The following gives a comparison of the caffeine content of different foodstuffs:-
- 100 mL. of brewed coffee contains 60 to 130 mg.
- 100 mL. of instant coffee contains 40 to 100 mg.
- 100 mL. of tea contains 40 to 60 mg.
- 100 mL. of cola drink contains 10 mg.
- 100 g. of chocolate contains 20 to 30 mg.
Some medications designed to stimulate, prevent sleep, ease fatigue and prevent motion sickness also contain caffeine.

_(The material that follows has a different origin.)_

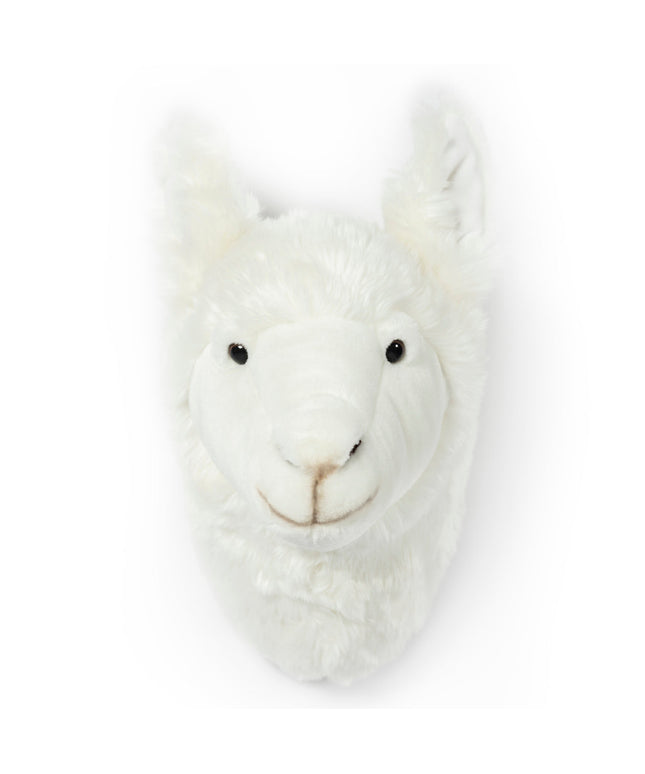 Wild & Soft Wall Toy - Lily The Llama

Caffeine acts on the body to increase alertness, increase the rate at which the body metabolises (burns) food, and increase urine production. In large doses, it may produce headache, irritability, insomnia, psychiatric conditions and stomach upsets, and it can aggravate diabetes, heart disease, depression and anxiety disorders. If taken before going to bed, a short, less restful sleep can be expected. People who have any of the foregoing conditions should limit their caffeine intake.

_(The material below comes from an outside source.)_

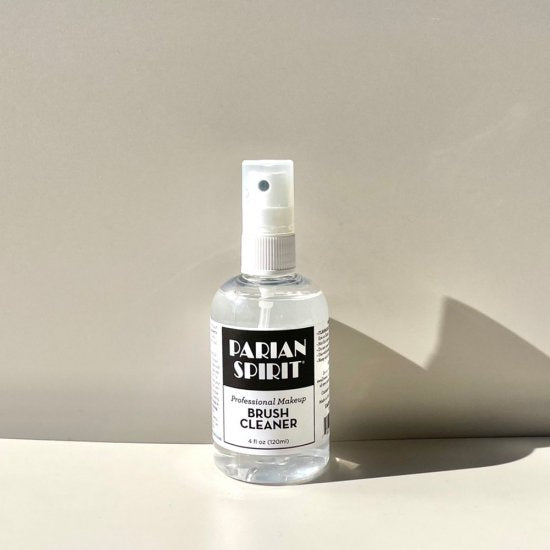 Parian Spirit ブラシクリーナー 120ml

There are some connections between moderate to large doses of caffeine and problems such as miscarriage, premature birth and stillbirth in pregnancy. Pregnant women should therefore limit themselves to two to four cups of tea, coffee or cola a day.
An overdose of caffeine causes anxiety, restlessness, irritability and sleeplessness. It is possible to develop a mild addiction to caffeine.